What is that about "-vidia-cudnn-cu11" being an invalid distribution?

Altrue commented 11 months ago

What is that about "-vidia-cudnn-cu11" being an invalid distribution?

From my understanding, when pip is installing a package, it removes the first letter of the package name. When the installation completes, this extra file is removed. When the install crashes, the extra file isn't removed and is left as a fake package that is ignored. It's fine to leave it, but you can also navigate to venv\Lib\site-packages to remove it.

(I had a "-rotobuf" warning myself :p)

andreacostigliolo commented 11 months ago

with python -m pip uninstall -y nvidia-cudnn-cu11 I also don't get more the error on startup. But I still get RuntimeError: Expected all tensors to be on the same device, but found at least two devices, cpu and cuda:0!

MorkTheOrk commented 11 months ago

That looks like a different error. I will figure something out so cudnn is being uninstalled even if tensorrt is installed.

andreacostigliolo commented 11 months ago

it's the same error of Jonseed

MorkTheOrk commented 11 months ago

I mean this error seems like a different one than the cudnn pop ups:

RuntimeError: Expected all tensors to be on the same device, but found at least two devices, cpu and cuda:0!
Jonseed commented 11 months ago

So it appears like I no longer have nvidia-cudnn-cu11 installed, per the pip freeze... Is that what we want?

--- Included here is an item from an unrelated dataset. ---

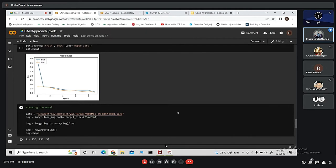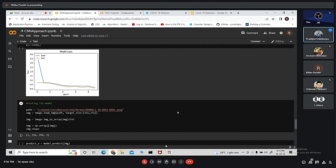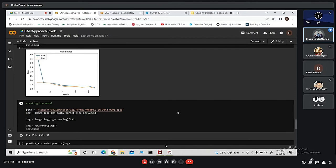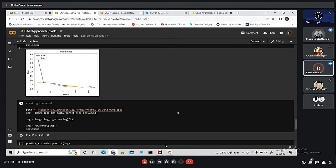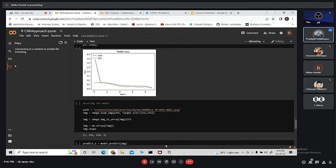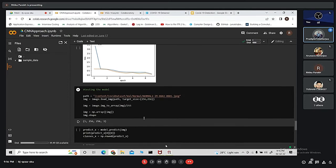For testing the model, we have all the dataset in Google Colab itself. Initially the data was in Dropbox and we have imported the data from Dropbox in Google Colab using a wget command. Then we have unzipped the entire thing and the data is managed in such a way that it has training folder and validation folder. Inside the validation folder, we have COVID positive and COVID negative folders.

niffelheim87 commented 11 months ago

Popups errors solved with python -m pip uninstall -y nvidia-cudnn-cu11 but still get RuntimeError: Expected all tensors to be on the same device, but found at least two devices, cpu and cuda:0! (when checking argument for argument mat1 in method wrapper_CUDA_addmm) when trying to generate images

DennLie commented 11 months ago

since i struggle with this error myself and tried various things. this is what i found out by now: delete and rebuild venv - no change deactivate all extensions and reinstall tensorrt extension - no change deactivate all COMMANDLINE_ARGS - Error is gone and it builded the TensorRT engine This were my COMMANDLINE_ARGS before = --api --xformers --medvram-sdxl --opt-sdp-attention --medvram --disable-safe-unpickle so i guess that one of them was causing the problem, i will get them now one by one back and check which one caused the error.

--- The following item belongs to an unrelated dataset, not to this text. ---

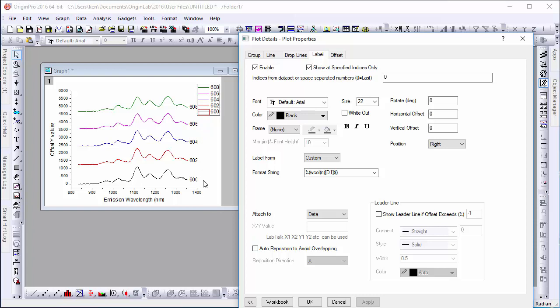To add units to this legend, in this case, nanometers, go back to the Format String and add your label after the format syntax.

Jonseed commented 11 months ago

I can still generate images without errors. It is only when I try to export the default engine that I get the erorr about expecting all tensors to be on the same device...

MorkTheOrk commented 11 months ago

So it appears like I no longer have nvidia-cudnn-cu11 installed, per the pip freeze... Is that what we want?

Yes

Jonseed commented 11 months ago

my commandline args are: --autolaunch --update-check --xformers --no-half-vae --medvram --api

MorkTheOrk commented 11 months ago

Can you try without the xformers arg?

andreacostigliolo commented 11 months ago

the problem is medvram. Solved!

ByblosHex commented 11 months ago

Same errors as OP.

Altrue commented 11 months ago

For my part, the python -m pip uninstall -y nvidia-cudnn-cu11 didn't seem to work as the extension was "not installed".

So instead I went to venv\Lib\site-packages and I removed the cudnn.dist-info & the cudnn folder in the nvidia folder. It seems to be working fine. At least, I can start without errors, and I can start generating the engine. It seems to be generating without issues now.

Edit: I can confirm that after doing this fix, everything works for me.

MorkTheOrk commented 11 months ago

It might be that VRAM limitations fall back to CPU tensors and therefore are not working with the Torch ONNX export.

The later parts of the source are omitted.